Nickel-release from titanium implants, a potential issue for nickel-hypersensitive individuals?
Nickel can be found in titanium implants
These articles demonstrate that various “commercially pure” and alloyed titanium samples contain a low but consistent percentage of contaminants that are associated with allergies. For example, traces of nickel, related to the manufacturing process were found in titanium materials used for surgical implants. “Nickel allergic patients may develop hypersensitivity reactions due to this low nickel content. Under certain circumstances, these small amounts may be enough to trigger allergic reactions in patients suffering from corresponding allergies, such as a nickel, palladium or chromium allergy.”
Titanium allergy or not? “Impurity” of titanium implant materials, 2010
Allergic potential of titanium implants, 2005
Nickel is released from titanium dental implants
“According to our results, all implants immersed in human saliva already released metallic particles of titanium, nickel and vanadium after 7 days.”

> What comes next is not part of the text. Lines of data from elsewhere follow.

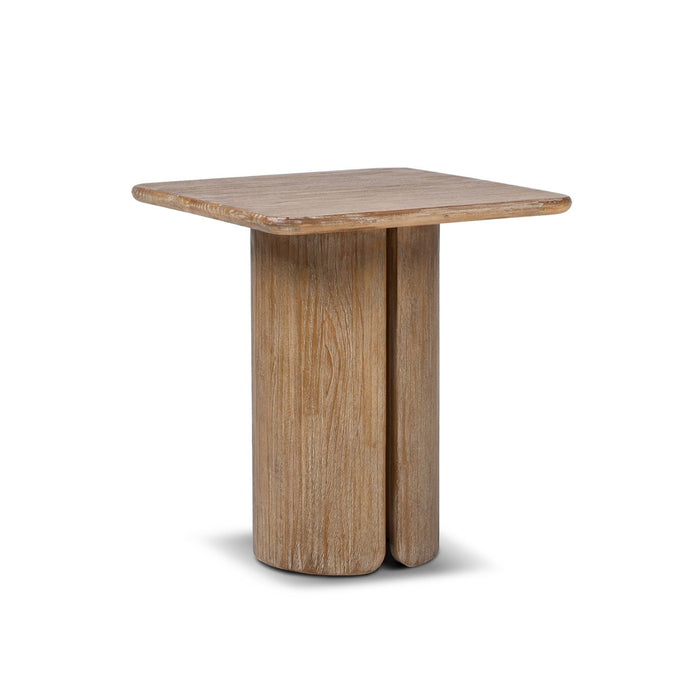 Sonoma - Square Pedestal Side Table - Antique Brown Jennifer Taylor Home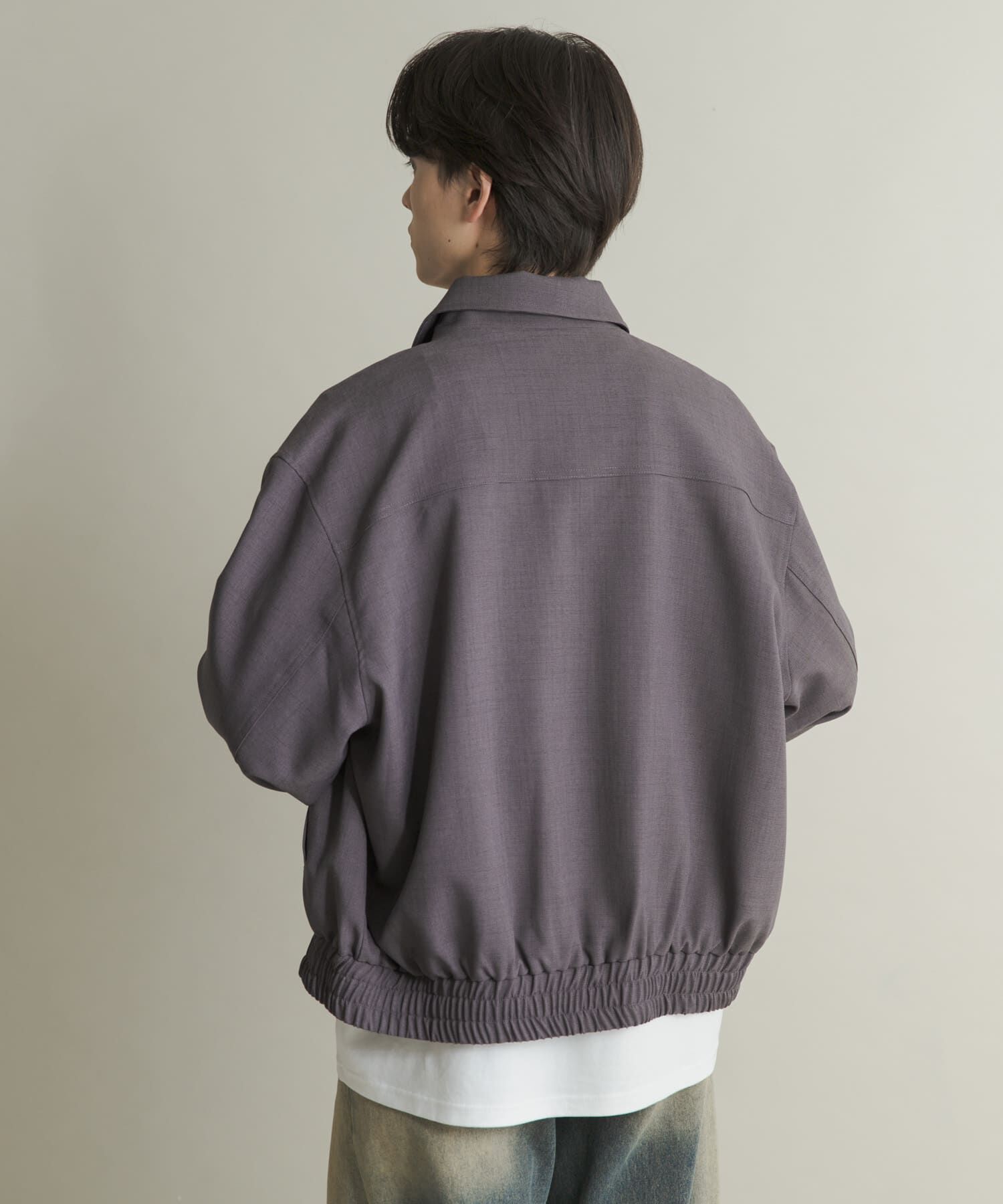 SENSE OF PLACE by URBAN RESEARCH「メランジバルーンジップブルゾン」|ブルゾン・スタジャン|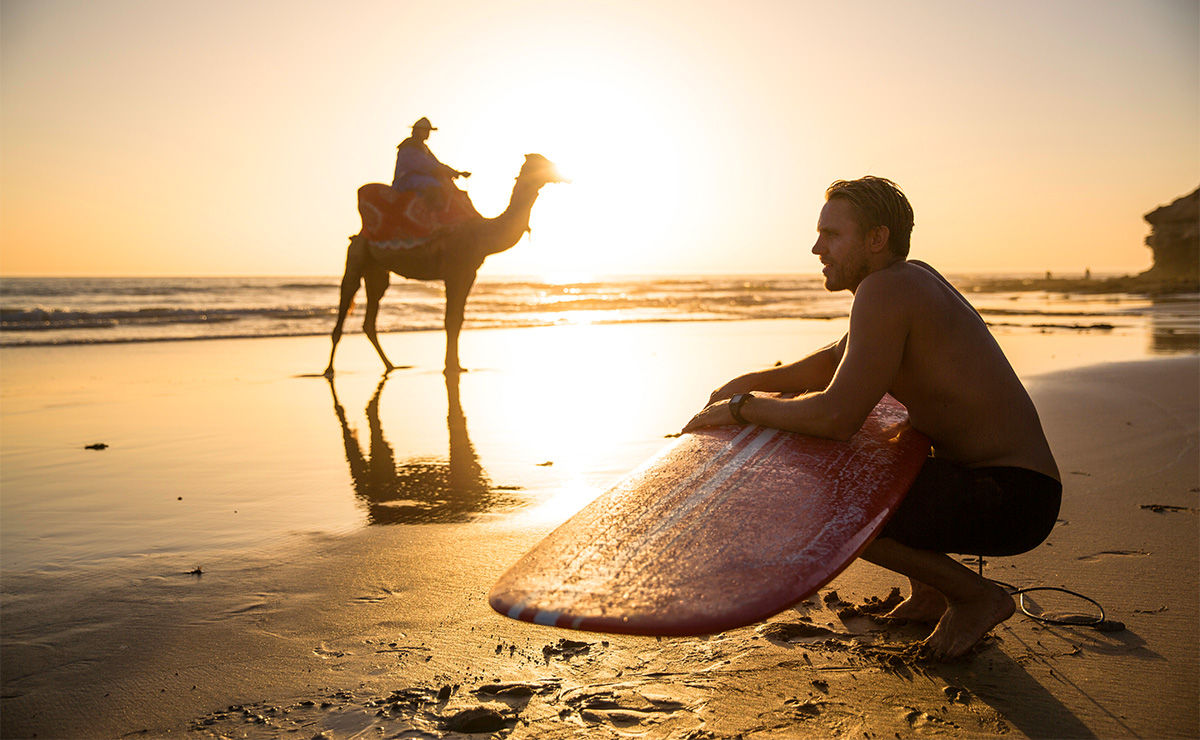 Surfer am Strand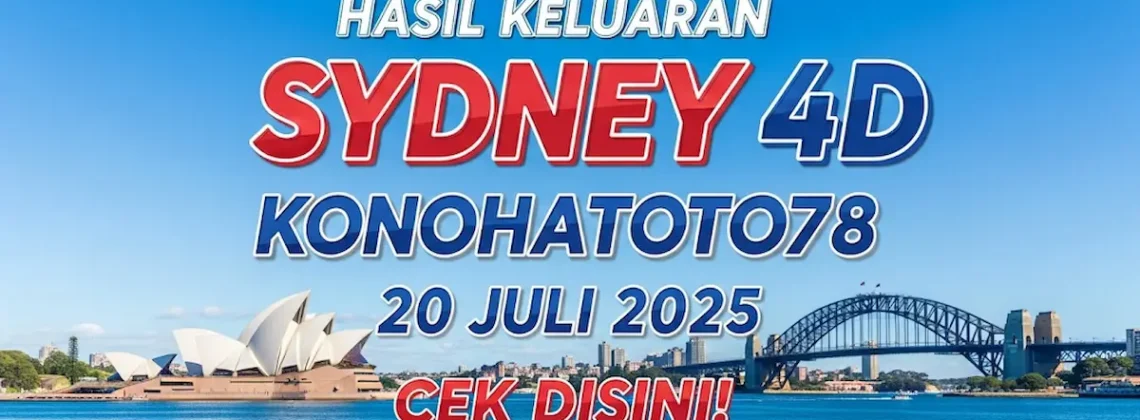 Hasil Keluaran Sydney 4D Konohatoto78 20 Juli 2025 Cek Disini! - angkagaib.com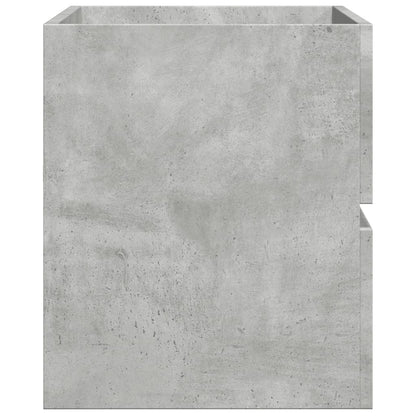 Bathroom Hanging Cabinet Concrete Grey 80x38.5x45 cm
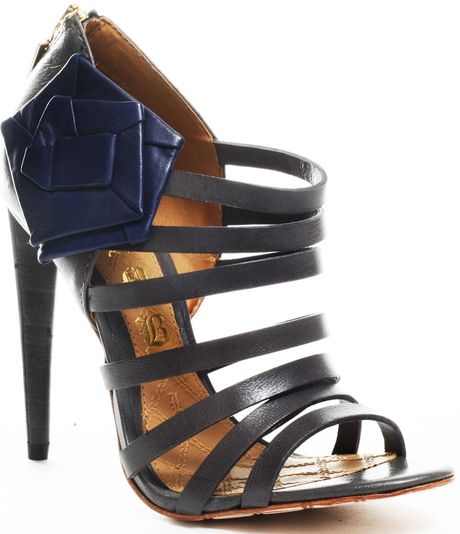 L.a.m.b. Rae Heel  Grey Leather in Blue (grey) - Lyst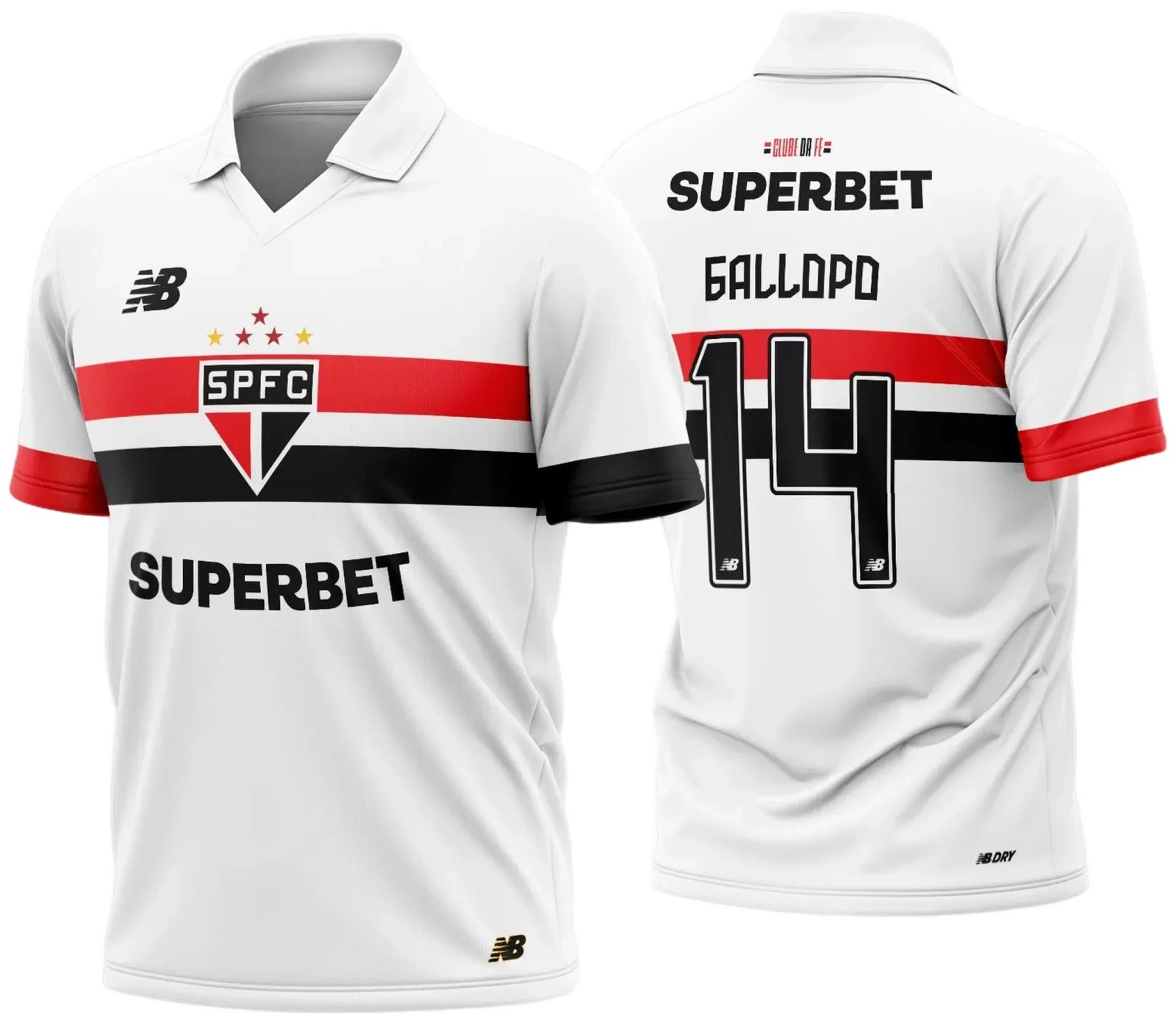 Arte Vetor Camisa São Paulo Titular 2024 - 2025
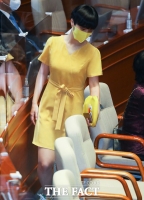[TF포토] 류호정, 오늘은 '노란 원피스'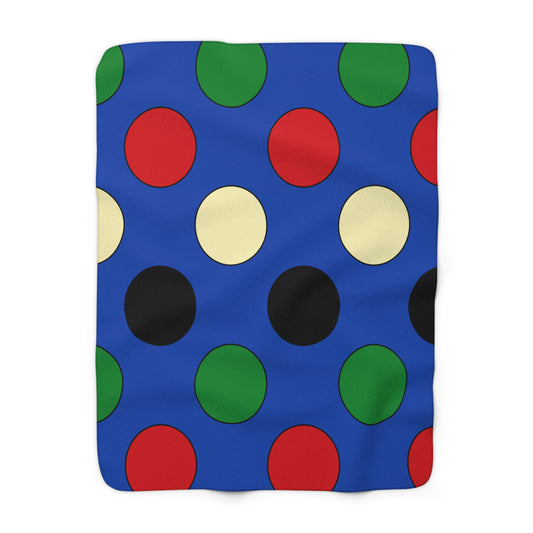 South Sudan Retro Polka Dots Blanket Throw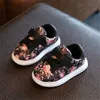 The New Listing Kids Shoes For Girls Fashion Children Girl Casual Shoes Floral Cute Toddler Kids Sneakers Breathable Baby Girls Shoes 21-30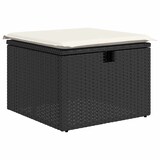 thumbnail of vidaXL Garten-Sofa-Set 9 pcs Schwarz und Creme 287,5 x 177,5 x 85 cm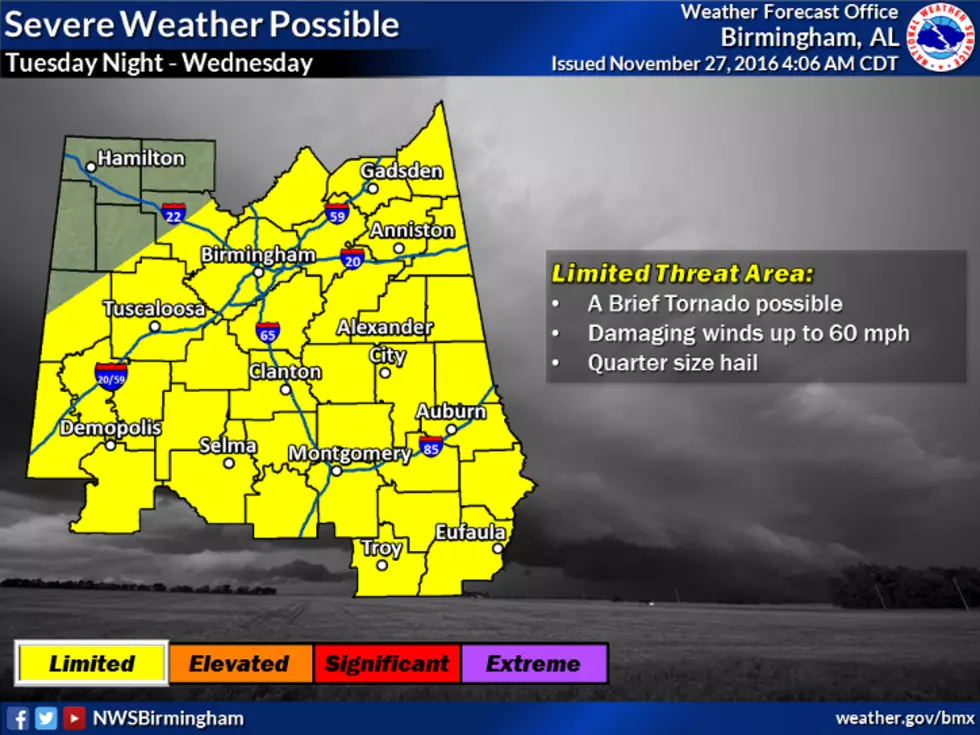 Severe Storms Likely for West Alabama This Week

Corrosion behavior of dental implants immersed into human saliva: preliminary results of an in vitro study, 2017
Nickel is the first metal released from orthopaedic implants
Nickel is released preferentially from orthopaedic devices, so even though there is only a trace it may be released first. More research in the area is needed but an interesting study looks at cobalt chromium hips which were removed and studied. Nickel makes up around 13% of this alloy but was not found in the corroded hips as it was the first metal to have corroded and moved into the body.
In vivo corrosion of 316L stainless-steel hip implants: morphology and elemental compositions of corrosion products, 1998
Removal of titanium implants containing small amounts of nickel lead to resolution of symptoms in a nickel-allergic patient
In another recently published case report, a patient reported severe pain after titanium plate placement, containing only 0.1% nickel. There was no rash, no infection and no loosening but an MRI revealed swelling, patch testing identified a nickel allergy.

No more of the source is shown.